WORK ORDER:
Starting at the line that contains "Java Sparrow on a Berry Branch", reproduce every line through the end of the entries below, with no pictures in the copy.
GIVEN DATA START
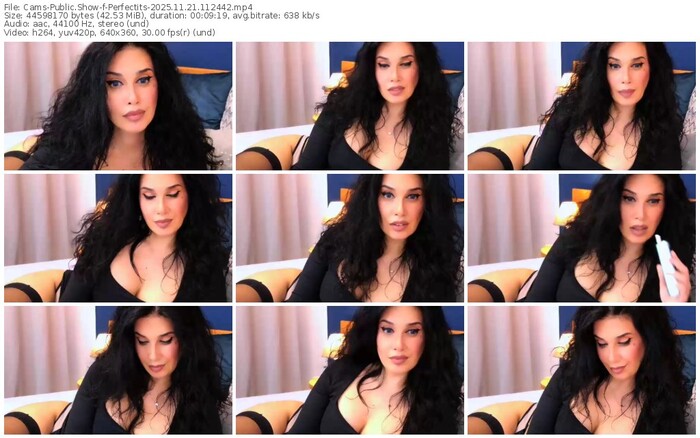 cams-perfectits-11-21-2025-11-24-42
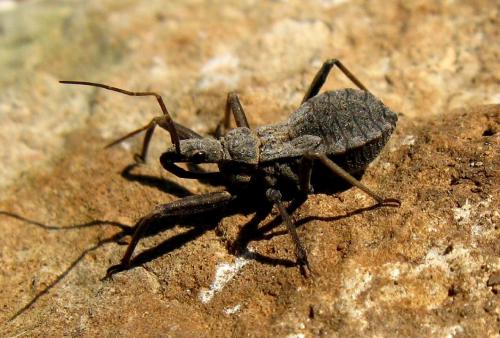 Réf. 28 870 : Rhynocoris erythropus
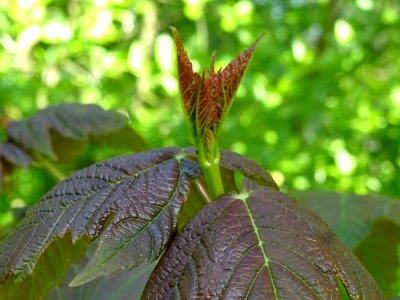 Jeunes feuilles d'Erable sycomore, Acer pseudoplatanus, Ac… 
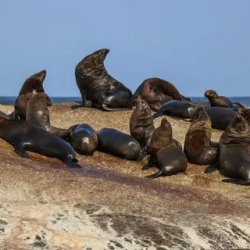 День 3. Cape Of Good Hope, Bouldres Beach, Hout Bay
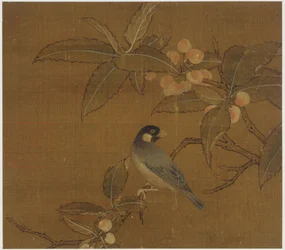 Java Sparrow on a Berry Branch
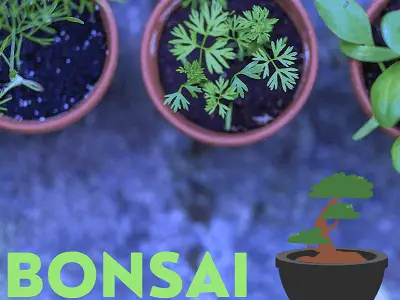 Bonsai Herbs
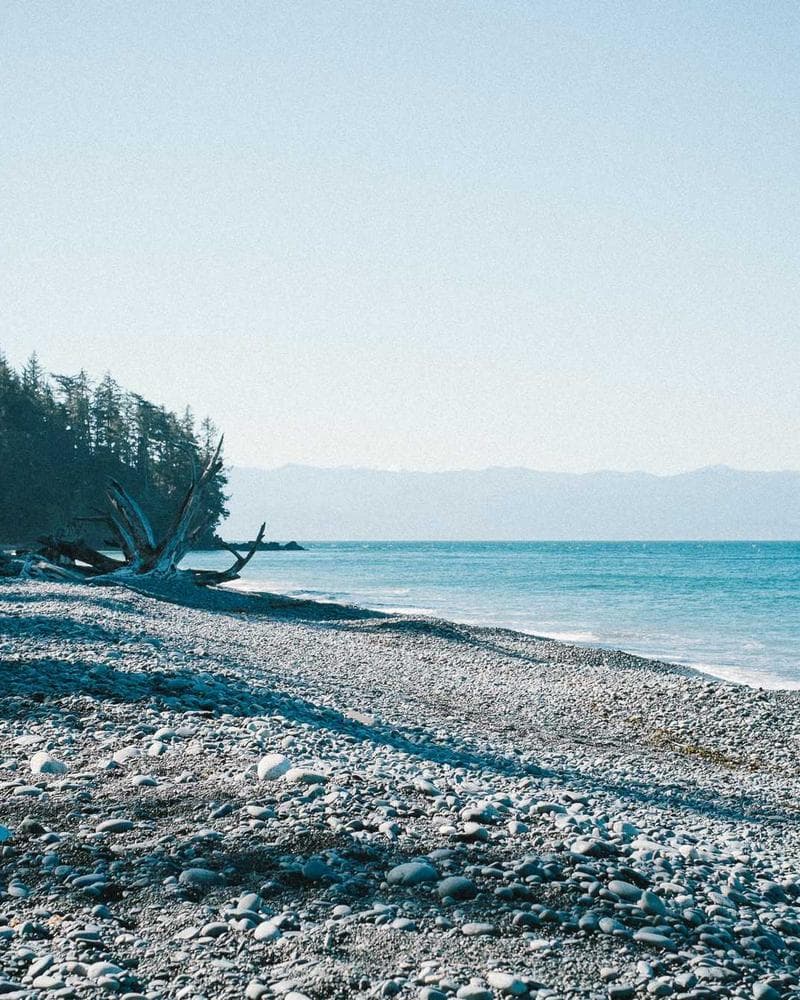 Gourmet Street Food Tour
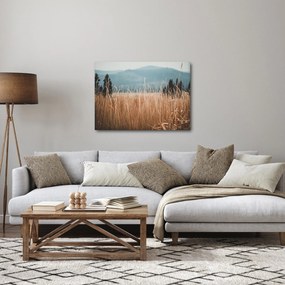 Obraz - szczegół łąki (70x50 cm)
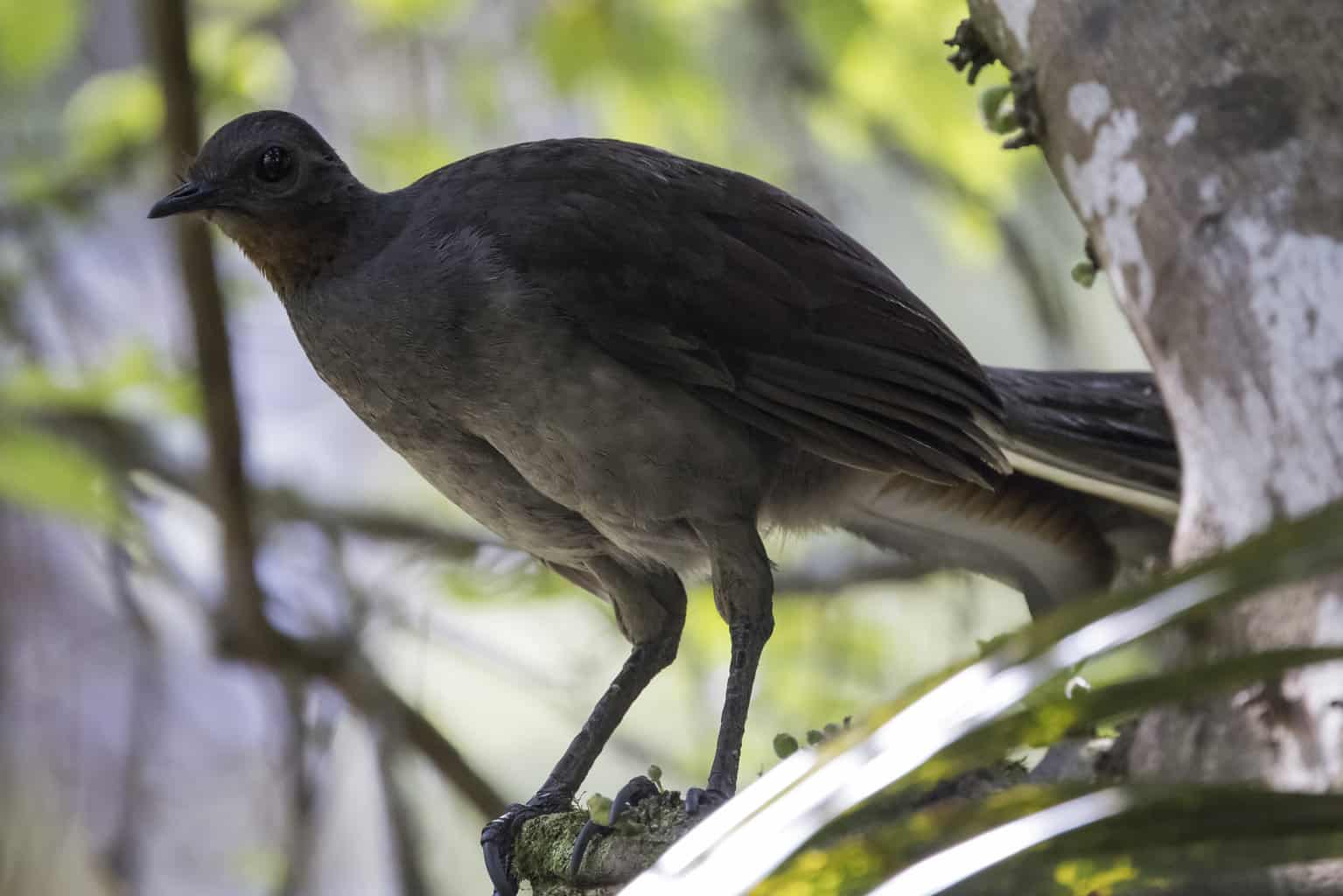 a bird that cry like a baby​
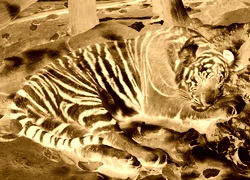 Sepia + Negatyw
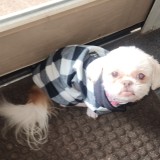 Milli Chanel Graham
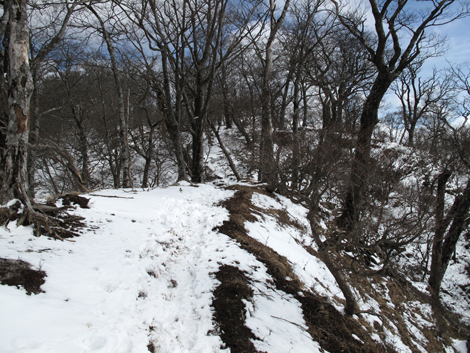 20160218hike (218)
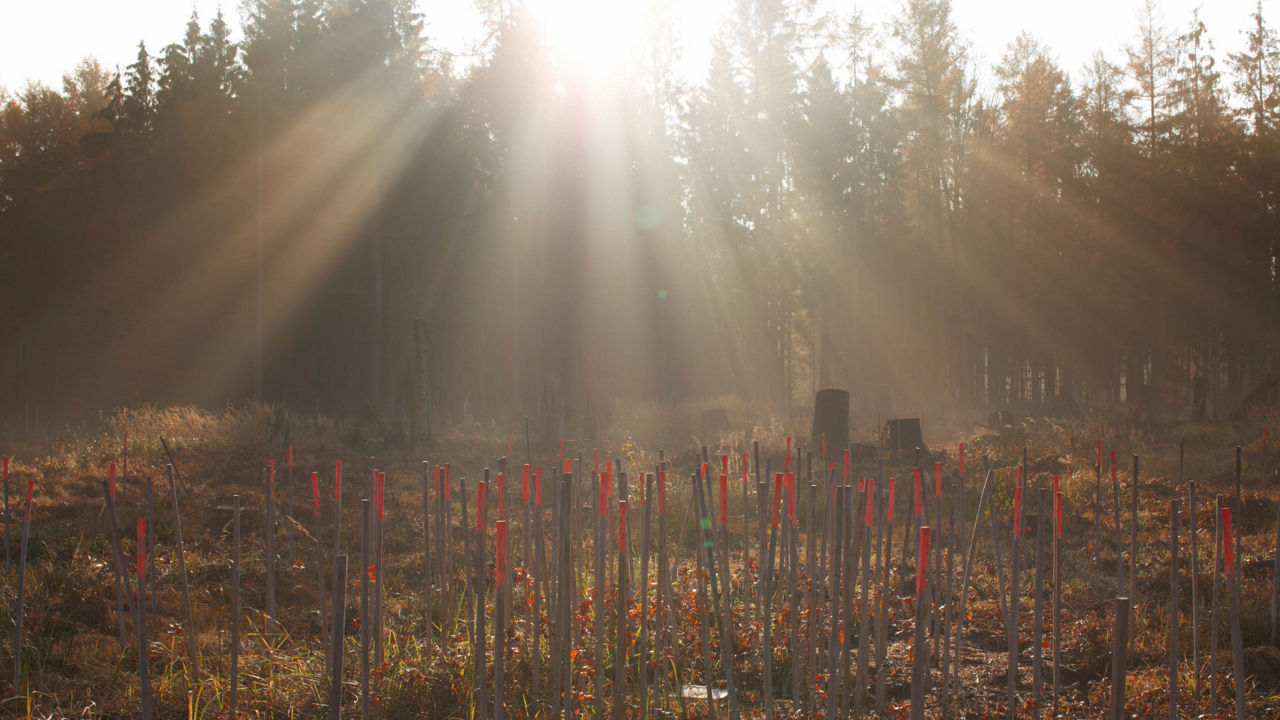 Sonnenlicht scheint durch Baumwipfel hindurch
GIVEN DATA END
TASK OUTPUT:
 Java Sparrow on a Berry Branch
 Bonsai Herbs
 Gourmet Street Food Tour
 Obraz - szczegół łąki (70x50 cm)
 a bird that cry like a baby​
 Sepia + Negatyw
 Milli Chanel Graham
 20160218hike (218)
 Sonnenlicht scheint durch Baumwipfel hindurch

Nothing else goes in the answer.